I leave it to the reader to work through the first derivative and to show that one condition for the derivative to be zero is for $\cos\theta$ to equal $\sin\theta$; that is, $\theta$ = 45⁰ , which corresponds to the bottom of the semicircle. Another condition for the first derivative to be zero is slightly more challenging to find, but you should find that the derivative is zero if

$$\sin(\theta+\frac{\pi}{4})=\frac{\sqrt{2}}{2-\lambda}. \nonumber$$

This corresponds to a real value of $\theta$ only if $\lambda \leq 2-\sqrt{2}=0.586$. The second derivatives are necessary to determine whether the equilibria are stable ($V$ a minimum) or unstable ($V$ a maximum) or a glance at figure IX.3 will be easier.

Now let's express the potential energy as a function $U$ of the angle $\phi$, so that $U(\phi)=V(\theta)$. From Figure IX.2, we see that $\phi=90^{\circ}-2\theta$. After some algebra and trigonometry, I find that the potential energy as a function of $\phi$ is given by

$$\frac{U(\phi)}{ka^{2}}=4\cos^{2}\frac{1}{2}\phi-4\sqrt{2}\cos\frac{1}{2}\phi-\lambda\cos\phi-\lambda-4+4\sqrt{2}. \nonumber$$

Now expand this carefully by Taylor's theorem as far as $\phi^{2}$:

$$\frac{U(\phi)}{ka^{2}}=2(\lambda+\sqrt{2}-2)\phi^{2}. \nonumber$$

What we have done is to approximate the potential energy function $U(\phi)$ by a parabola for small $\phi$. Now a parabolic potential well is characteristic of simple harmonic motion. For example, in linear simple harmonic motion obeying the equation $m\ddot{x}=-kx$ the potential energy per unit mass is $\frac{1}{2}kx^{2}$ and the period is $2\pi\sqrt{\frac{m}{k}}$. In rotational simple harmonic motion obeying the equation $I\ddot{\theta}=-c\theta$ the potential energy per unit rotational inertia is $\frac{1}{2}c\theta^{2}$ and the period is $2\pi\sqrt{\frac{I}{c}}$. The rotational inertia here is just $ma^{2}$, so we find that the period of small oscillations is

$$P=\pi\sqrt{\frac{\lambda a}{(\lambda+\sqrt{2}-2)g}}, \label{eq:9.3.15}$$

provided, of course, that $\lambda>2-\sqrt{2}$.

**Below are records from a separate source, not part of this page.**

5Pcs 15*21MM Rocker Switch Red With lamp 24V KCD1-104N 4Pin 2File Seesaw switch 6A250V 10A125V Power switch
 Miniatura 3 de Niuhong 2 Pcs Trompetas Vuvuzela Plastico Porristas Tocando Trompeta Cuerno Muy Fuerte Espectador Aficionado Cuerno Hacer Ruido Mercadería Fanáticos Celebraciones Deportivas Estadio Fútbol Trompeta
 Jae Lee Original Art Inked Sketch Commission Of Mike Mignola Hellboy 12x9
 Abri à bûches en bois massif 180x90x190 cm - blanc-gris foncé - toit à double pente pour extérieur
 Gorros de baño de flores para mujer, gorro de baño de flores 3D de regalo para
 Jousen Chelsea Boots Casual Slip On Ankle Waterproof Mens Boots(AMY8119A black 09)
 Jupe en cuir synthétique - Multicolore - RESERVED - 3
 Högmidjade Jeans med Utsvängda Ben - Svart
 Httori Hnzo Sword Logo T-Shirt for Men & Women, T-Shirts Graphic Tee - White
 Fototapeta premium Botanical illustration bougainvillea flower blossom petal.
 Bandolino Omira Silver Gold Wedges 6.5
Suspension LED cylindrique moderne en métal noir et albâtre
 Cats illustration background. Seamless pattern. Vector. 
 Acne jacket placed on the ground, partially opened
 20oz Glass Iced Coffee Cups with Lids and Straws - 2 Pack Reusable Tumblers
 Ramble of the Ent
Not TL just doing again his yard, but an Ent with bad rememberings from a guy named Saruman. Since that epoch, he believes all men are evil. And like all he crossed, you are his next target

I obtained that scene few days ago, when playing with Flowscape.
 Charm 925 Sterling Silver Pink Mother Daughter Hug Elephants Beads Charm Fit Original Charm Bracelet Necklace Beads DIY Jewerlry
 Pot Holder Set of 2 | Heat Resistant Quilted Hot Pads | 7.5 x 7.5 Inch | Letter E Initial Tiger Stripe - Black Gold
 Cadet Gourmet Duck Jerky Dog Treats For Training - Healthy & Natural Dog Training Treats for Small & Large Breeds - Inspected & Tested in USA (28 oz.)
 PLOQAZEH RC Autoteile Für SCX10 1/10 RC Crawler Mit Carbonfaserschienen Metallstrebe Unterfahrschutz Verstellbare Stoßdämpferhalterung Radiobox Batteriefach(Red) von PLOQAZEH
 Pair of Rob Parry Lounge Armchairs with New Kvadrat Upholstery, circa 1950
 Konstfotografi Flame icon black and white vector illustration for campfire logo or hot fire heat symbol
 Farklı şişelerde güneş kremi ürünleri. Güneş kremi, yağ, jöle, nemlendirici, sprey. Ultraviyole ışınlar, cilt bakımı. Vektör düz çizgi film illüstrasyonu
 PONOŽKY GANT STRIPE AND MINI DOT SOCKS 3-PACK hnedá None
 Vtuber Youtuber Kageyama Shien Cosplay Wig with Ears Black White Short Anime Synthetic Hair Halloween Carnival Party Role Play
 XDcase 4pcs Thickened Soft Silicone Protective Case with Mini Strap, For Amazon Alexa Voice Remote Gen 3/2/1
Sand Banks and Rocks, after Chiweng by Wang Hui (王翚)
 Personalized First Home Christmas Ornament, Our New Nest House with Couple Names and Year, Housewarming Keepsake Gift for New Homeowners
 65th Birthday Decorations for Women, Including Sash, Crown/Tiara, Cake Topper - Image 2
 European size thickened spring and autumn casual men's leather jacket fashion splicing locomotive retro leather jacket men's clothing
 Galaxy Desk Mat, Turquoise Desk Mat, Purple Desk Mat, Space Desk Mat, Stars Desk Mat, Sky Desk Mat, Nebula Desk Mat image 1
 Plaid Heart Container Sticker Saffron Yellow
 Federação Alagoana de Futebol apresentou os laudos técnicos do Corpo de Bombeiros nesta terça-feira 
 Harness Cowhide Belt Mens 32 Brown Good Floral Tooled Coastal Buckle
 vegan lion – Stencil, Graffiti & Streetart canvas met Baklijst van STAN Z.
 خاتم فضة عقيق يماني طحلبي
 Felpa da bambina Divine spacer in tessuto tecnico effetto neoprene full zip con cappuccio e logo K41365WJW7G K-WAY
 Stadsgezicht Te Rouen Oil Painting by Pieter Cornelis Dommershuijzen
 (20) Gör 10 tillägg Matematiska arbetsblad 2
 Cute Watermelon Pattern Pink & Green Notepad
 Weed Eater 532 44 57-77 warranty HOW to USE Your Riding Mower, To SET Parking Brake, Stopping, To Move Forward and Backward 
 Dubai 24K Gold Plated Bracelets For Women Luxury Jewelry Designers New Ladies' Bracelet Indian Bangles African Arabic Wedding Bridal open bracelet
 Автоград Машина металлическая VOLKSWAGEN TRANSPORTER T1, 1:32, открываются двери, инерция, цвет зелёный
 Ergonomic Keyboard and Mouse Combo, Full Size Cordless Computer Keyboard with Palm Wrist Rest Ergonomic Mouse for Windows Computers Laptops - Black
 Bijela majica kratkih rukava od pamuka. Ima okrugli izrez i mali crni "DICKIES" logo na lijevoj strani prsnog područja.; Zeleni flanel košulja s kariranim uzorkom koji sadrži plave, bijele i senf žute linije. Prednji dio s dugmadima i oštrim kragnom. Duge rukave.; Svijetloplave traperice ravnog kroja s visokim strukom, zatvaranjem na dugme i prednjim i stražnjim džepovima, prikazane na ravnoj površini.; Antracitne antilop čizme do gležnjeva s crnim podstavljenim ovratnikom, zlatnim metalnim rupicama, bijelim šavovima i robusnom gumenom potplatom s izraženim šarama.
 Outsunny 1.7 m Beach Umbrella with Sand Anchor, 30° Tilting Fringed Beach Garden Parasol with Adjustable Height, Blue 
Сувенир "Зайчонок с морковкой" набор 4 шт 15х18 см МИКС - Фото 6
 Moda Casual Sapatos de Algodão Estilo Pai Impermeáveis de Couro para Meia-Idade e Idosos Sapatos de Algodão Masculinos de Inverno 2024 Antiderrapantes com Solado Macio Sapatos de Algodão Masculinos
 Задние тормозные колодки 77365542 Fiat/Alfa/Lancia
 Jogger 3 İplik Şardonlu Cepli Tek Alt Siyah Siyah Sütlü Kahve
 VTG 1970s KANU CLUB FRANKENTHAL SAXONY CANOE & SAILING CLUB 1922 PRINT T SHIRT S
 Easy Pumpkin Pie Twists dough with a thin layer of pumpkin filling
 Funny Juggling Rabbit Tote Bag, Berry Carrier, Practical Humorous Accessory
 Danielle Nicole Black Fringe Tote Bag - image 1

If you want to find how long the ring takes to slide from an initial position $\phi=\alpha$ to the bottom you can use Equations 9.2.10 and $\ref{eq:9.3.11}$, with $E=U(\alpha)$. You will find the usual difficulty that the integrand is zero at the start. I haven't actually tried the problem, because it looks slightly tedious, but I am fairly certain that it can be integrated analytically. If you do it and get an answer, make sure that, in the limit of small $\phi$, you get the same as Equation $\ref{eq:9.3.15}$

Exercise $\PageIndex{6}$

A rod of length $2l$ and mass $m$ has one end freely pivoted on a horizontal floor. The rod is held at an initial angle of 45^o to the vertical and then released. How long does it take for the rod to hit the floor? I'll leave you to work this one out. By the way, if I had started with the rod vertical, you would find that it takes an infinite time to fall - because the vertical position, although unstable, is an equilibrium position, and it would never get going unless given an infinitesimal displacement.